Copy out the lines beginning at the one with "Peony Pencil Case" and ending at the last line of the data, both included; pictures stay out.
-------- Excerpted data
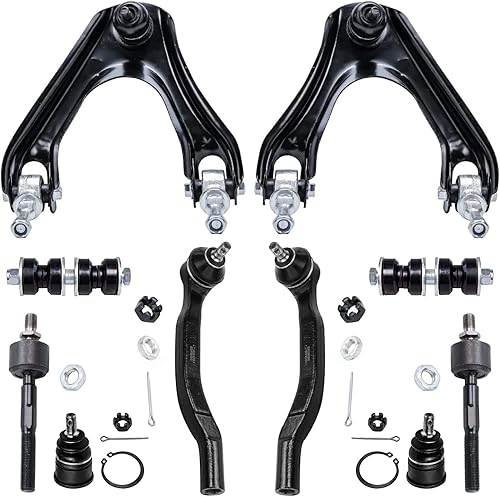 Miniatura 216 de Detroit Axle - Kit de suspensión frontal de 10 piezas para Ford Ranger Mazda B2300 B2500 B3000 B4000, 2 brazos de control superiores, 2 rótulas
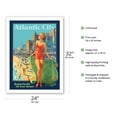 thumbnail image 2 of Atlantic City - America’s All-Year Resort - Pennsylvania Railroad - Vintage Travel Poster by Edward Mason Eggleston c.1936 - Fine Art Matte Paper Print (Unframed) 24x32in, 2 of 4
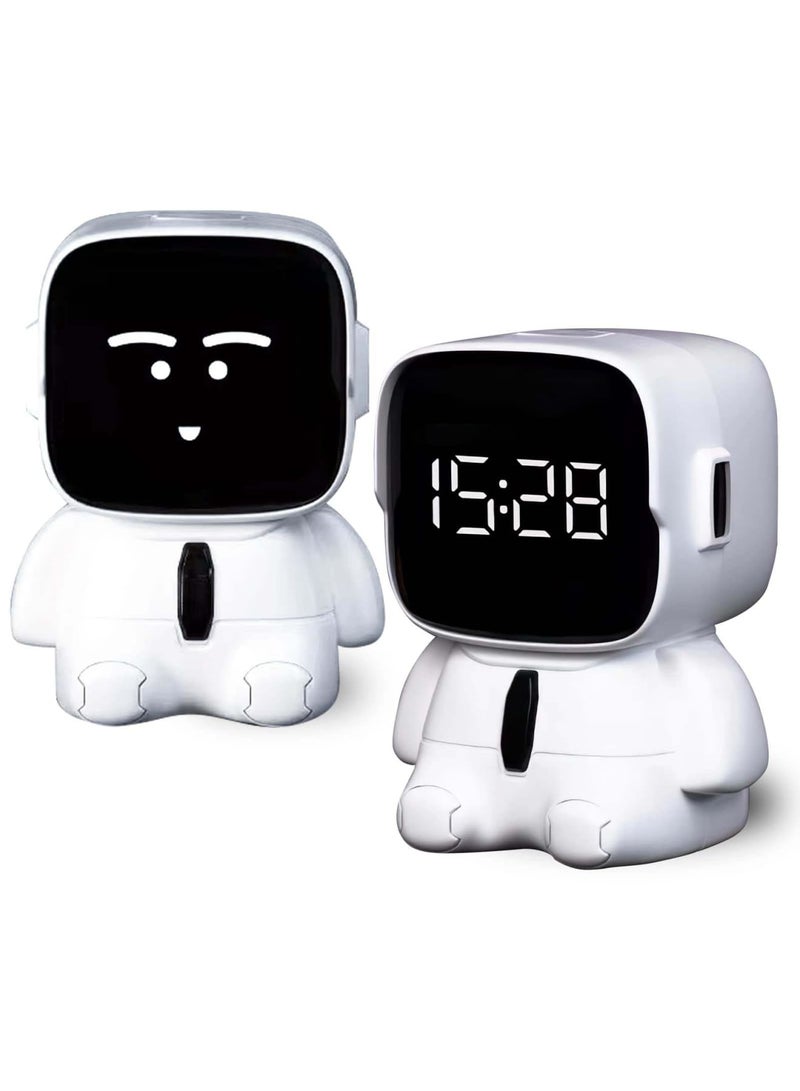 SYOSI Kids Digital Alarm Clock, UBC RechargeableLED Electronic Clock, 8 Levels of Volume Adjustment, 12/24H 5 Ringtones, Countdown Timer, Birthday Present for Kids, Teens, Girls(Astronaut) - Image 1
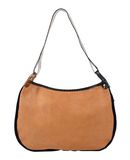 EBARRITO Damen Schultertasche Farbe Kamel Gr��e 1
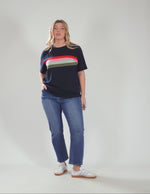 Terra Tee - Navy & White Stripe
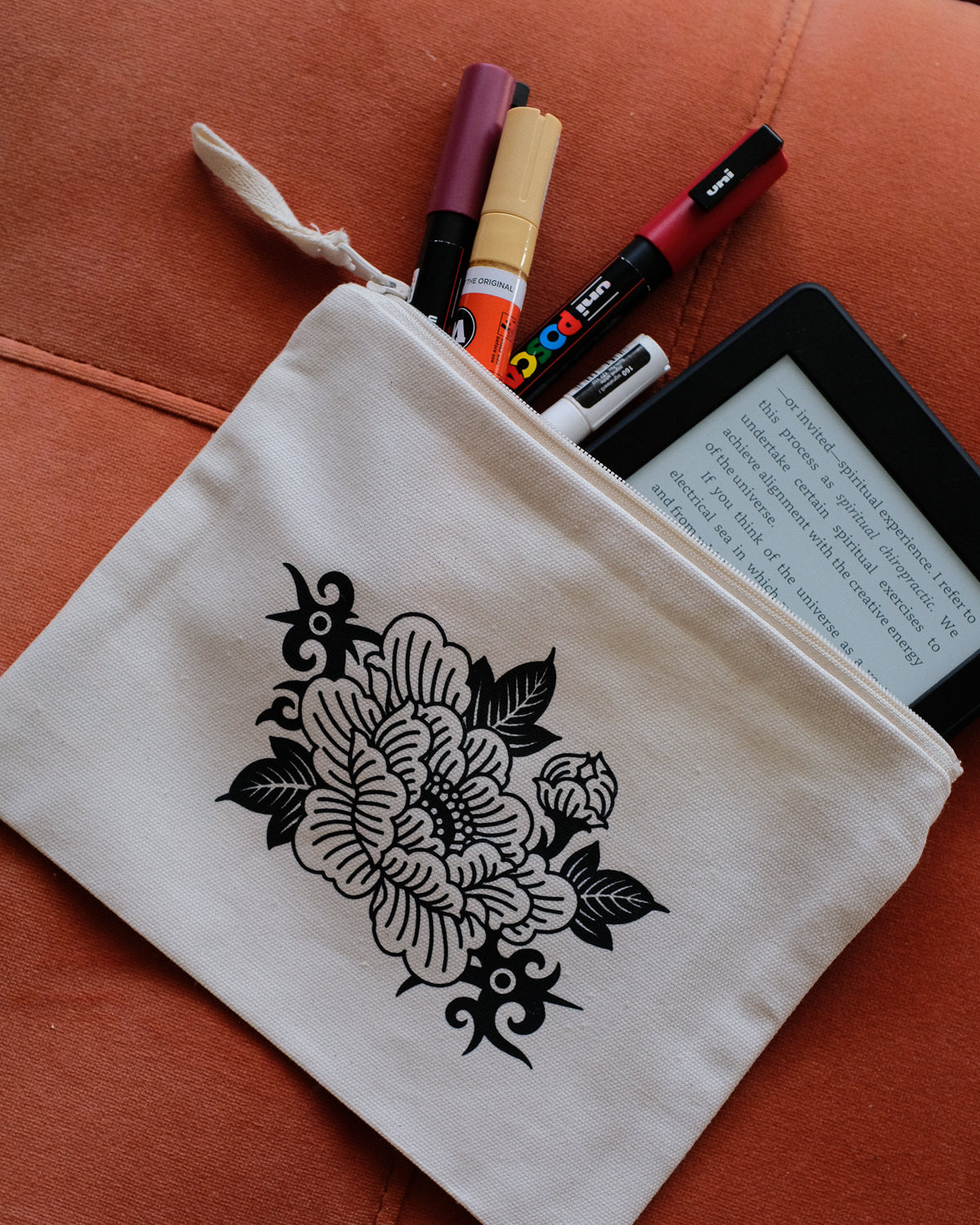 Peony Pencil Case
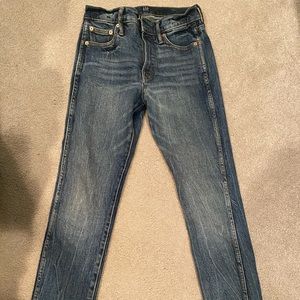 Gap straight leg jeans, size 25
----------------
[Exercise output]
 Peony Pencil Case
 Gap straight leg jeans, size 25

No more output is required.